L’impatto ambientale del nuovo dispositivo è ridotto anche perché
basato su fenomeni passivi,
ossia processi spontanei come la capillarità o l’evaporazione,
invece che su pompe e compressori che necessitano di energia e
manutenzione.
Matteo
Alberghini, dottorando del Dipartimento Energia del Politecnico di
Torino e primo autore della ricerca spiega: “Far
evaporare acqua per ottenere una sensazione di fresco è una
soluzione nota da millenni, come il sudore che evapora sulla pelle
per raffrescarci o un fazzoletto imbevuto appoggiato sulla fronte
nelle giornate più calde. La nostra idea permette di ingegnerizzare
questa tecnologia, massimizzandone l’effetto e rendendola possibile
in qualsiasi condizione ambientale. Anziché essere esposta all’aria,
l’acqua pura bagna una membrana impermeabile che la separa da una
soluzione di acqua e sale ad alta concentrazione. La membrana può
essere immaginata come un setaccio con maglie grandi un milionesimo
di metro: grazie alle sue proprietà idrorepellenti, questa membrana
non viene attraversata dall’acqua liquida ma solo dal vapore”.
“ In
questo modo – aggiunge Albergini - l’acqua dolce e salata non si
mescolano, mentre il vapore d’acqua è libero di passare da una
parte all’altra della membrana. In particolare, la differente
salinità nei due liquidi consente all’acqua pura di evaporare più
velocemente di quella salata. Questo meccanismo raffredda l’acqua
pura e può essere amplificato grazie alla presenza di diversi stadi
evaporativi. L’acqua salata tenderà gradualmente a “raddolcirsi”
nel tempo e dunque l’effetto raffrescante ad attenuarsi; tuttavia,
la differenza di salinità tra le due soluzioni può essere
continuamente - e in modo sostenibile – ristabilita, tramite
l’energia solare, come peraltro dimostrato in un nostro recente
studio”.
La
caratteristica vincente del dispositivo ideato al Politecnico di
Torino risiede nella sua progettazione: queste unità refrigeranti,
spesse qualche centimetro ciascuna, possono funzionare autonomamente,
oppure essere disposte in serie, come accade con le comuni batterie,
impilandole per aumentare l’effetto di raffrescamento.
In
questo modo è possibile calibrarne la potenza in base alle singole
esigenze, raggiungendo capacità di raffrescamento confrontabili a
quelle tipicamente necessarie per gli usi domestici. Inoltre, l’acqua
non ha bisogno di pompe per essere movimentata all’interno del
dispositivo, ma si “sposta” in modo spontaneo grazie all’effetto
capillare di alcuni componenti che, così come la carta da cucina,
sono capaci di assorbire e trasportare l’acqua anche contro la
forza di gravità.
Il
potenziale basso costo di produzione – appena qualche euro per
ciascuno stadio – e la semplicità dell’assemblaggio renderebbero
il dispositivo ideale per essere installato in zone rurali, dove la
scarsa presenza di tecnici specializzati può rendere difficoltosa
l’installazione e la manutenzione dei sistemi tradizionali.

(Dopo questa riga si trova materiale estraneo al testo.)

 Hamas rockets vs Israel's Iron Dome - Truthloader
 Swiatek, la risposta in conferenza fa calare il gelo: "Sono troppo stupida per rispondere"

Interessanti ricadute potrebbero anche aversi in regioni ricche di
acque ad alta concentrazione salina, come ad esempio quelle costiere,
nelle vicinanze di grossi impianti di dissalazione oppure in
prossimità di saline.
Ad
ora, la tecnologia non è ancora pronta per una immediata
commercializzazione. Tuttavia, ulteriori sviluppi (anche soggetti a
futuri finanziamenti o collaborazioni industriali) sono possibili. In
prospettiva, tale tecnologia potrebbe affiancare gli impianti già
esistenti alleggerendo il loro carico di lavoro e, così, ridurre il
consumo energetico a parità di effetto raffrescante.